Voxeo demonstrated an architecture that aims to provide a consistent service offering across multiple channels (SMS, IM, mobile Internet, and video). Cross-modality interoperability between the VoiceObjects Server and Voxeo’s hosting platform for IM was demonstrated. The solution illustrated an approach to multichannel integration that allows the creation of services across different phone channels in a consistent, readily maintainable manner. Customer success stories using the new interoperation architecture were highlighted.
In summary, the mobile laboratory demonstrated that the technology for presenting sophisticated applications on mobile devices is rapidly maturing, and already a variety of cross-modality multilanguage applications are bringing solutions to the mobile device previously seen only on the desktop. The days of limited vocabulary coverage are gone, and natural speech input capabilities are maturing rapidly. Speech-enabled typing has proved to be a highly desirable feature on any mobile device that allows searching and messaging.

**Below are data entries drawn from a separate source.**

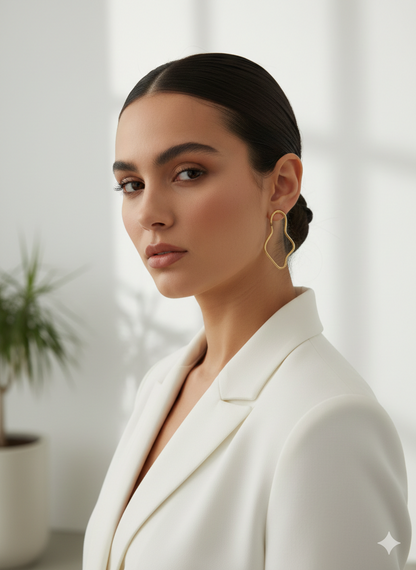 Abstract Gold Hoop Earrings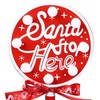 Christmas Stop Here Decor Metal Solid Wood LED Delicate Santa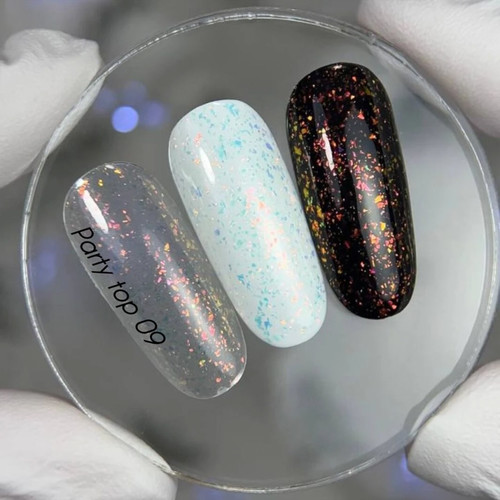 Тоp hybrydowy NAILSOFTHEDAY Party top 09 z holograficzną miką 10 ml - Фото №2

Enterprise Solutions (By Deborah Dahl)
From voice control of computers to multimodal applications supporting the mobile workforce, enterprises are recognizing the value of speech applications where the users are employees rather than customers. Compared with call center applications, enterprise applications, including dictation, office productivity software, warehouse picking applications, and field force automation, are more diverse and wide-ranging. Design considerations and requirements for enterprise applications also differ from those of call center applications. For example, employees can be specifically trained to use the application, speaker-dependent recognition is possible, microphones can be controlled, and specialized devices can be provided to employees. All of these considerations make enterprise voice applications an important area of speech technology.
This session showcased inspiring and innovative enterprise speech applications by vendors whose applications fell into five categories: desktop dictation and computer control, warehouse picking, authentication, support for a mobile workforce, and speech analytics.
1. Desktop Dictation and Computer Control
Microsoft demonstrated using voice for controlling the computer in Windows 7 and for dictation into Microsoft Office applications.
2. Warehouse Picking
Datria Systems and Cisco Systems demonstrated their Voice over IP-based warehouse picking application. Warehouse picking is an excellent application for voice for several reasons: The warehouse is usually hands-busy and eyes-busy, and users are constantly moving around and might even be in a cold environment where they need to wear gloves. These factors make it difficult for workers to use conventional technologies for obtaining and completing their assignments. The unique aspect of the Datria/Cisco solution is its use of server-based speech recognition rather than the more common use of speech on a dedicated mobile device. This results in a significant reduction in the cost of the devices used in the application because, instead of expensive mobile computers, users can speak to VoIP-enabled smartphones.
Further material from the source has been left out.